Ainsi, dès son entrée officielle en scène, l'administration Trump a recours à des mensonges délibérés et à la tromperie cherchant ainsi à créer une nouvelle perception de la réalité. Cette agression linguistique et ce mépris flagrant de la vérité montrent comment l'équipe Trump est engagée dans une bataille pour le contrôle de ce qui est vrai ou faux.
Partant de la négation du changement climatique, l'annulation de l'Obamacare, la restriction au droit à l'avortement au nom de la santé des femmes, la redéfinition du rôle de l'OTAN, la lutte au terrorisme, jusqu'au refus d'admettre de nouveaux réfugiés, les gros mensonges sont plus qu'évidents. Néanmoins, la nouvelle administration tente d'imposer une importante dérive loin de croyances établies et de redéfinir le discours politique pour faire accepter son agenda.
Les critiques de Trump à l'égard des alliés de l'OTAN, l'altercation verbale avec le premier ministre d'Australie, Malcolm Turnbull, et l'engouement manifesté pour Vladimir Poutine sont aussi une réminiscence du livre d'Orwell. Pour Trump, comme dans 1984, il faut constamment récrire l'histoire parce que l'ennemi ne cesse de changer. L'ami d'aujourd'hui peut fort devenir l'ennemi de demain et vice-versa.
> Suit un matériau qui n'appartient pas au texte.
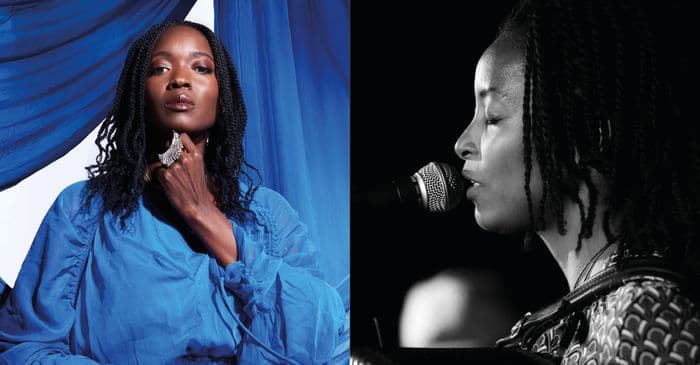 Illustration de l'événement : Awa Ly + Aïcha Touré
Pour justifier ses ordres exécutifs, l'administration Trump n'hésite pas à mentir effrontément. Ce fut particulièrement évident dans l'interdiction d'entrée touchant les personnes en provenance de sept pays musulmans. Pour justifier cet ordre, on eut recours à une fausse interdiction d'entrée de six mois que Barack Obama n'a jamais émise et à un massacre inexistant à Bowling Green, qui aurait été commis par des terroristes irakiens.
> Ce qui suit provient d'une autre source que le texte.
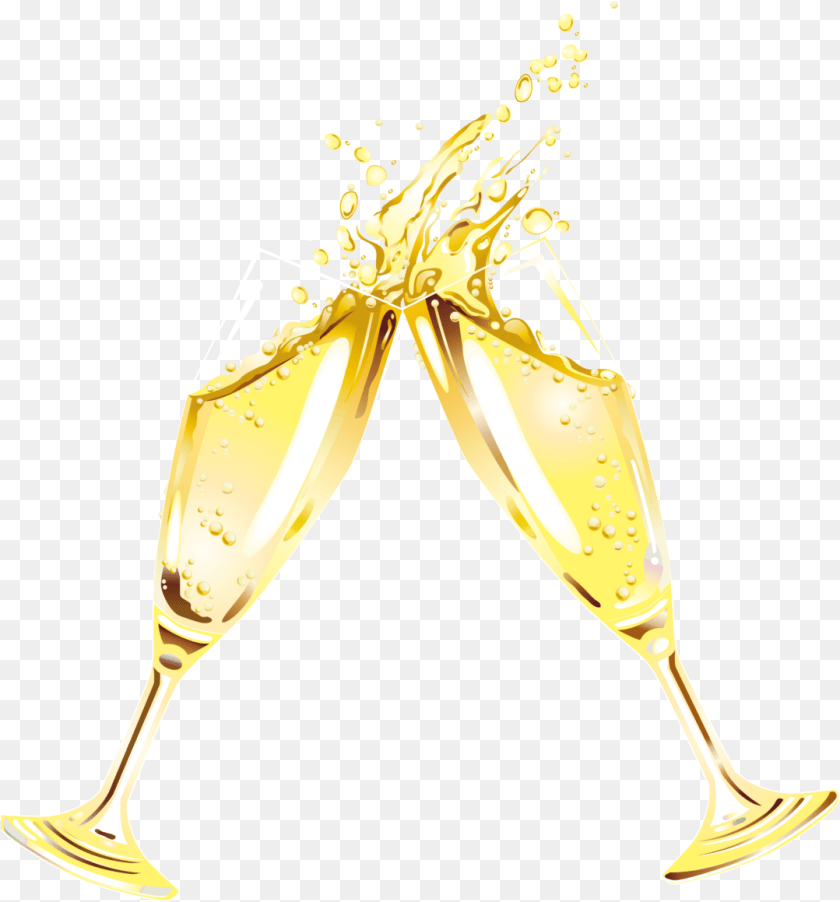 1079x1159 Ribbon Cutting Champagne Glass Background, Alcohol, Beverage, Liquor, Wine Transparent PNG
Comme dans l'ouvrage 1984, la nouvelle administration cherche à contrôler l'information en imposant son vocabulaire et sa lecture des faits. Cette approche s'immisce de plus en plus dans le domaine privé, restreignant ainsi la pensée personnelle et la liberté d'expression. Ce faisant, l'administration Trump adhère au concept d'Orwell sur le crime de pensée qui définit comme un acte criminel toute opposition au parti au pouvoir.
Lors de sa campagne présidentielle, Trump n'a pas hésité à se moquer de journalistes qu'il n'aimait pas, menaçant même de les poursuivre. Par ailleurs, il a aussi soutenu des théories de conspiration selon lesquelles les médias couvraient de manière injuste sa campagne.
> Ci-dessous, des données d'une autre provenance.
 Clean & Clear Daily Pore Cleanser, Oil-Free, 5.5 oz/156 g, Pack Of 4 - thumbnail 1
Devenu président, Trump poursuit sa guerre contre la liberté de la presse. À l'instar de l'administration Nixon, son équipe a déjà établi des listes d'ennemis. Plus encore, ses conseillers ont concocté un projet de loi pour élargir les notions de calomnie et de diffamation afin de réduire les critiques dans les médias contre les politiques de l'administration.
La presse représente aux États-Unis une sorte de chien de garde dans la préservation de la démocratie. Les médias ont comme mission de sonner l'alarme contre tout assaut sur les droits constitutionnels américains. Avec l'arrivée de l'administration Trump, les mises en garde d'Orwell doivent être prises plus jamais au sérieux. Une relecture de 1984 s'impose.
Gilles Vandal est professeur émérite de l'École de politique appliquée de l'Université de Sherbrooke.